[[ Data to process open ]]

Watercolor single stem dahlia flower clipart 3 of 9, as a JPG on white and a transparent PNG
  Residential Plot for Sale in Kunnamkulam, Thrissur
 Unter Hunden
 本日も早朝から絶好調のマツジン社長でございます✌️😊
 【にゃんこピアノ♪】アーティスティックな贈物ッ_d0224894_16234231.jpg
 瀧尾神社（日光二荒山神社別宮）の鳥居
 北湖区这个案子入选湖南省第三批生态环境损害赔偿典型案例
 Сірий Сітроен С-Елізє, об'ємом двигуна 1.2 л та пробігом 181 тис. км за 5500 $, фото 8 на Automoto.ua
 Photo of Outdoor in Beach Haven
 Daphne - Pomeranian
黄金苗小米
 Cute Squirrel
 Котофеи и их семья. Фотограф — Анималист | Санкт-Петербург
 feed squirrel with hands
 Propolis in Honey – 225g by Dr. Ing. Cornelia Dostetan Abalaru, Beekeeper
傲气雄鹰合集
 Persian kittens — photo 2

[[ Data to process closed ]]

## [Problem statement]
Copy the entries word for word.

## [Completed exercise]
Watercolor single stem dahlia flower clipart 3 of 9, as a JPG on white and a transparent PNG
  Residential Plot for Sale in Kunnamkulam, Thrissur
 Unter Hunden
 本日も早朝から絶好調のマツジン社長でございます✌️😊
 【にゃんこピアノ♪】アーティスティックな贈物ッ_d0224894_16234231.jpg
 瀧尾神社（日光二荒山神社別宮）の鳥居
 北湖区这个案子入选湖南省第三批生态环境损害赔偿典型案例
 Сірий Сітроен С-Елізє, об'ємом двигуна 1.2 л та пробігом 181 тис. км за 5500 $, фото 8 на Automoto.ua
 Photo of Outdoor in Beach Haven
 Daphne - Pomeranian
黄金苗小米
 Cute Squirrel
 Котофеи и их семья. Фотограф — Анималист | Санкт-Петербург
 feed squirrel with hands
 Propolis in Honey – 225g by Dr. Ing. Cornelia Dostetan Abalaru, Beekeeper
傲气雄鹰合集
 Persian kittens — photo 2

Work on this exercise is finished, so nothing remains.